» DATA SHOWN
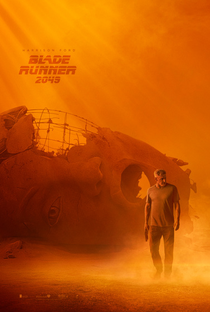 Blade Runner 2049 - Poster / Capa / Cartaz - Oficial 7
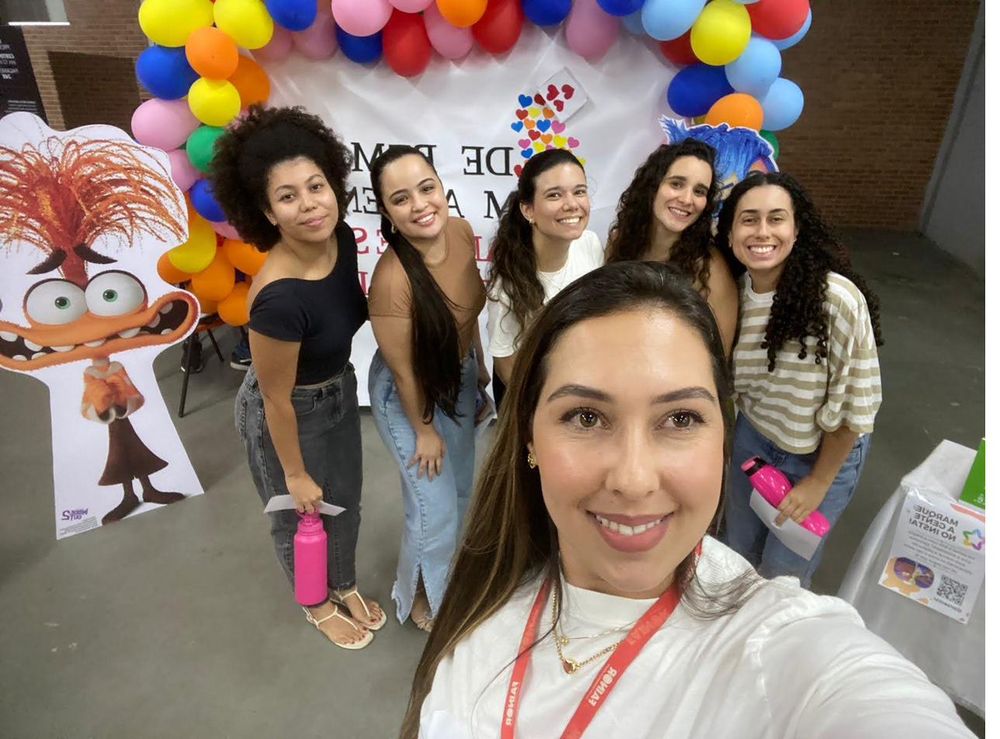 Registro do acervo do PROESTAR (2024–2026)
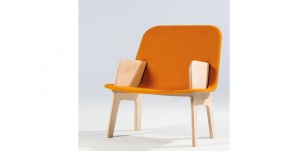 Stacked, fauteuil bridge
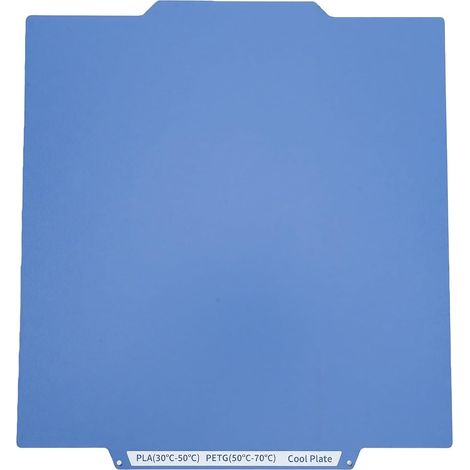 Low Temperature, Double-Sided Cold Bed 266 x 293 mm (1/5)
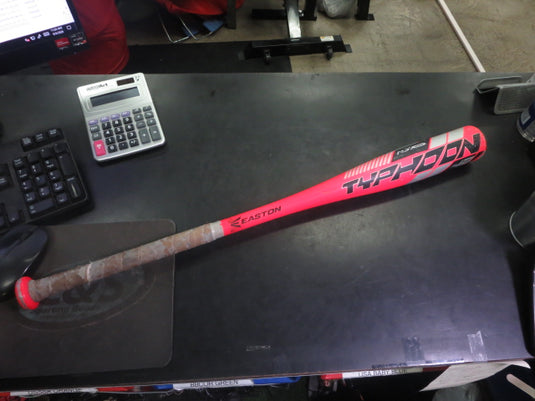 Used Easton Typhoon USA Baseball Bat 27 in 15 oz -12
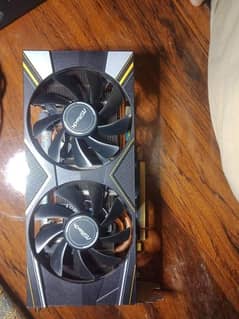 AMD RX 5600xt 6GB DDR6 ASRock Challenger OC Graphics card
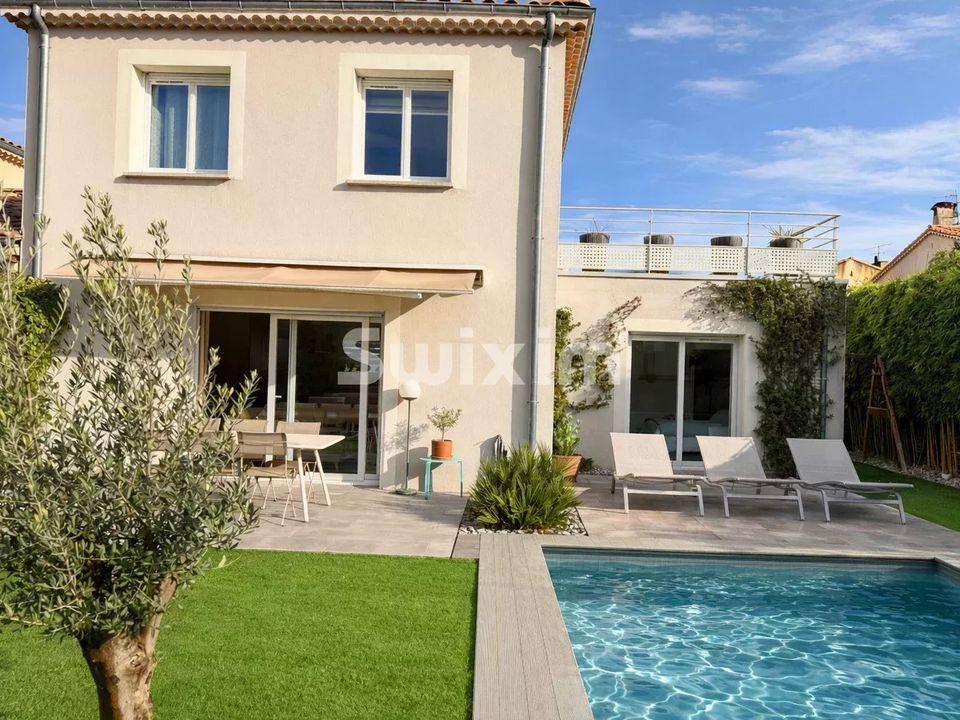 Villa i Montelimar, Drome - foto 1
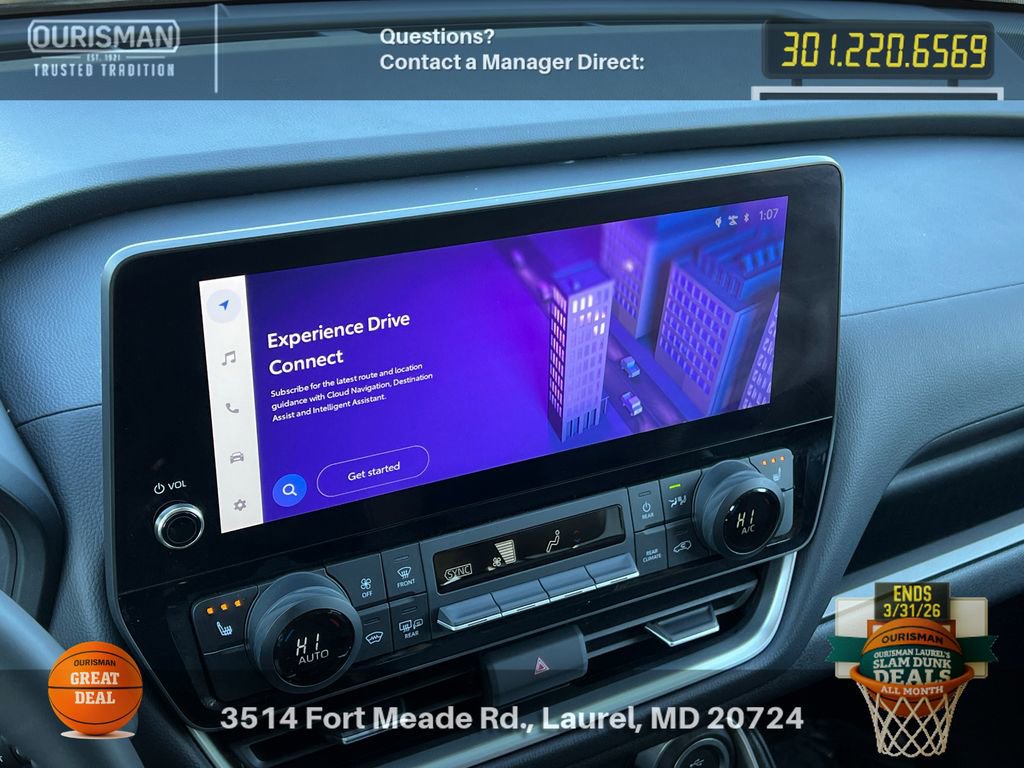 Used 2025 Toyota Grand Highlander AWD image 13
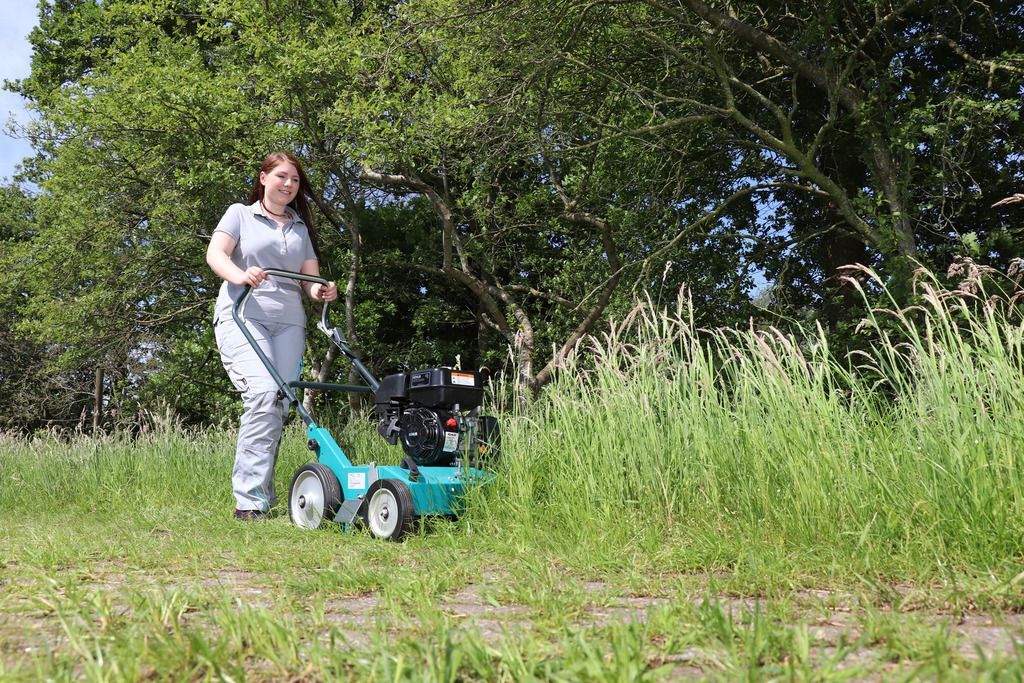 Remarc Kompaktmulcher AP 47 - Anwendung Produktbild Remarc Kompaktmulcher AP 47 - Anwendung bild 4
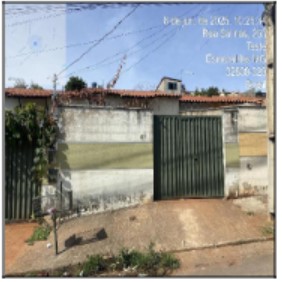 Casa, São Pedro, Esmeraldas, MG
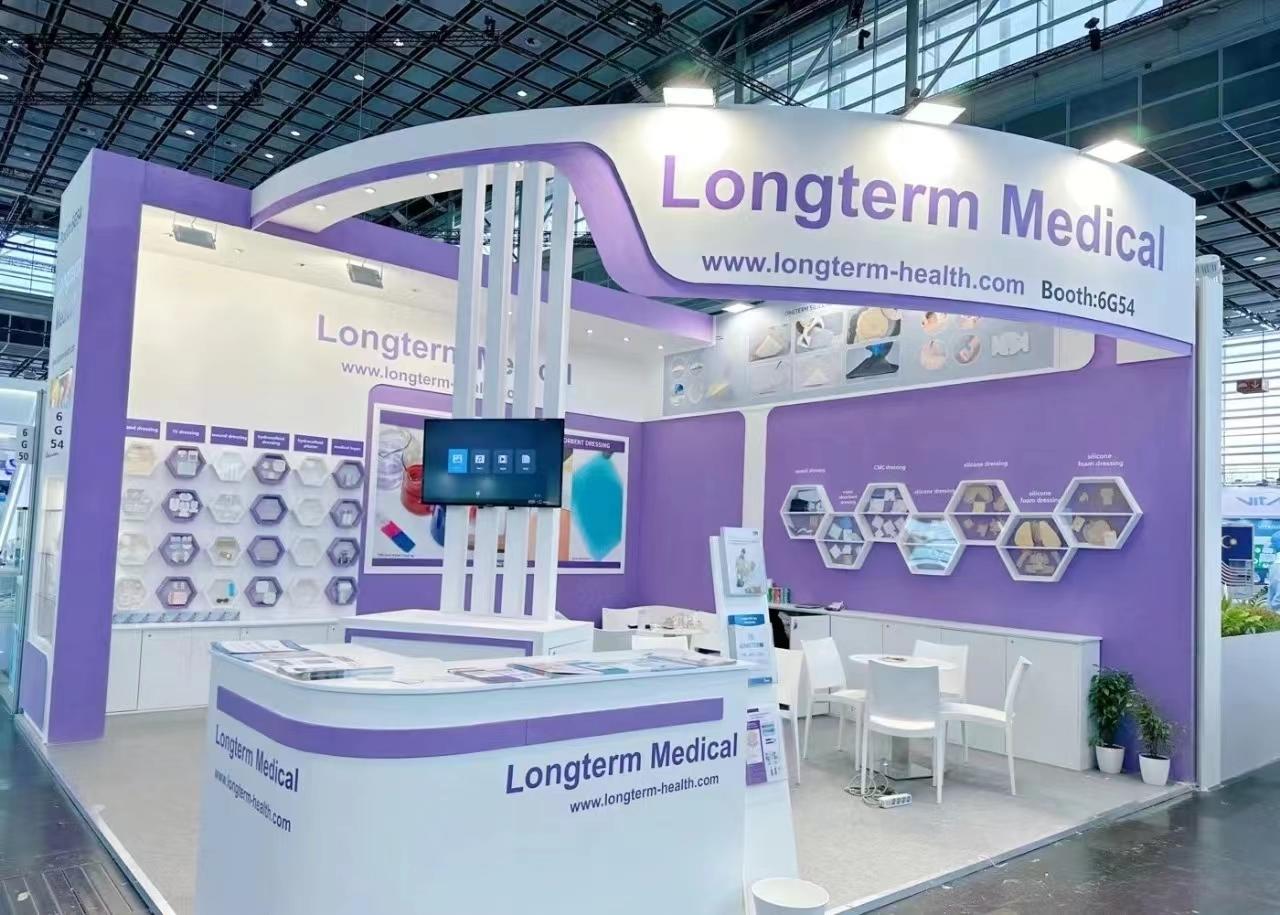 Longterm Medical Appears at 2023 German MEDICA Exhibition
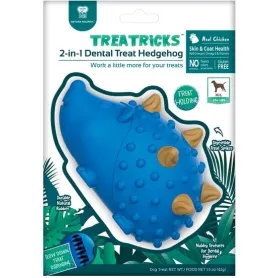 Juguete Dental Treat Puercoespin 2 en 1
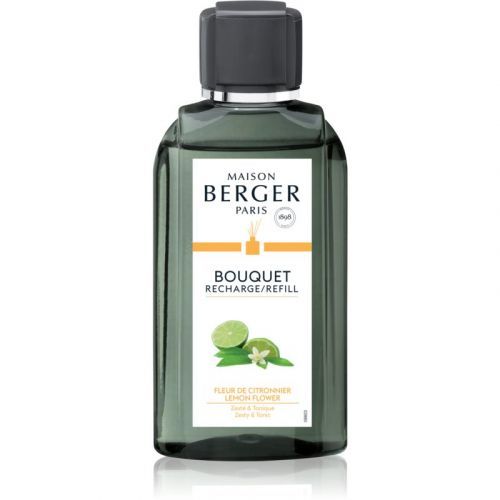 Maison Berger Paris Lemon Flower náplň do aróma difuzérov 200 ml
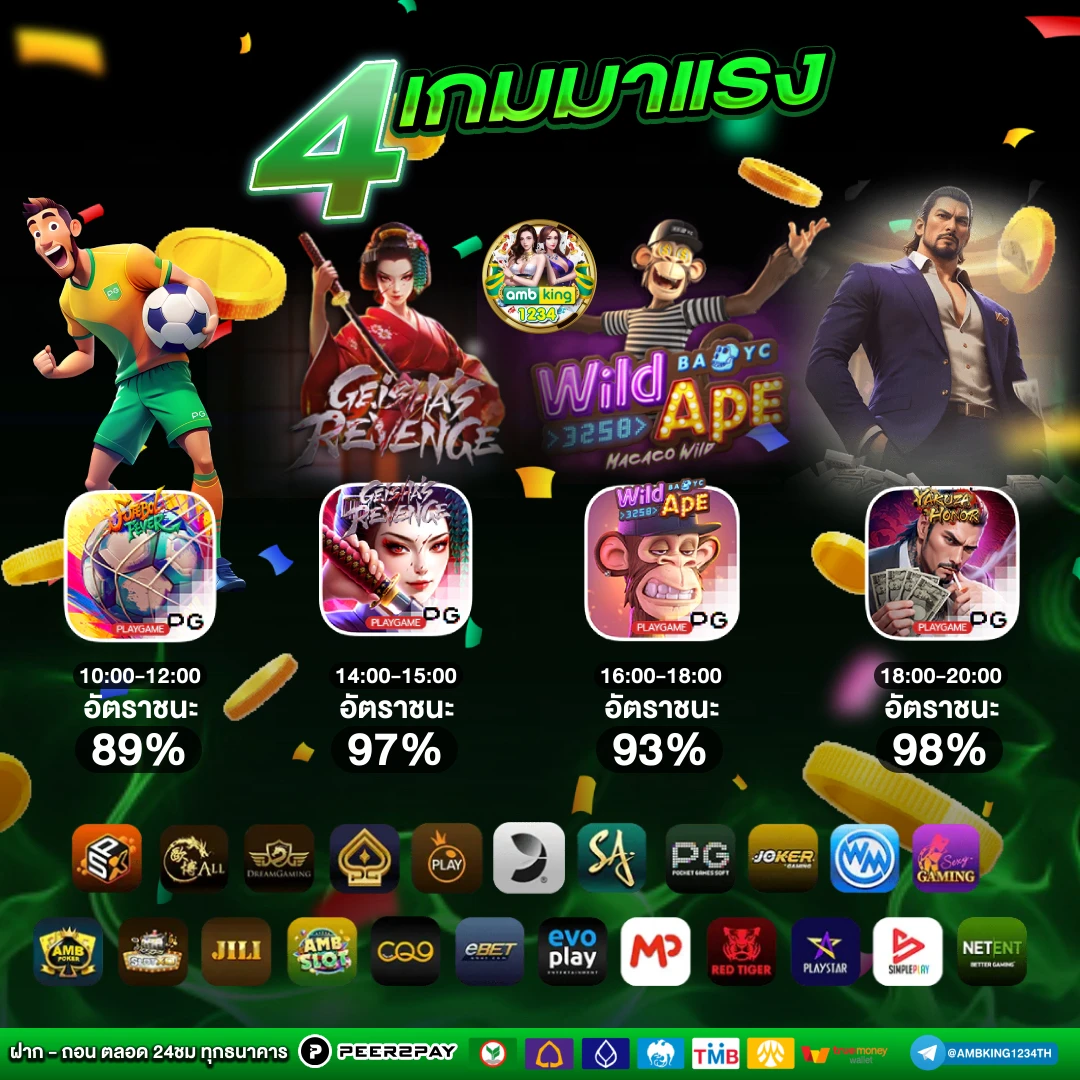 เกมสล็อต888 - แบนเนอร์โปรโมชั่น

» TASK INSTRUCTIONS
Please return only the lines from the one holding "Used 2025 Toyota" through the end of the data, both ends included; do not copy any pictures.

» ANSWER BELOW
 Used 2025 Toyota Grand Highlander AWD image 13
 Remarc Kompaktmulcher AP 47 - Anwendung Produktbild Remarc Kompaktmulcher AP 47 - Anwendung bild 4
 Casa, São Pedro, Esmeraldas, MG
 Longterm Medical Appears at 2023 German MEDICA Exhibition
 Juguete Dental Treat Puercoespin 2 en 1
 Maison Berger Paris Lemon Flower náplň do aróma difuzérov 200 ml
 เกมสล็อต888 - แบนเนอร์โปรโมชั่น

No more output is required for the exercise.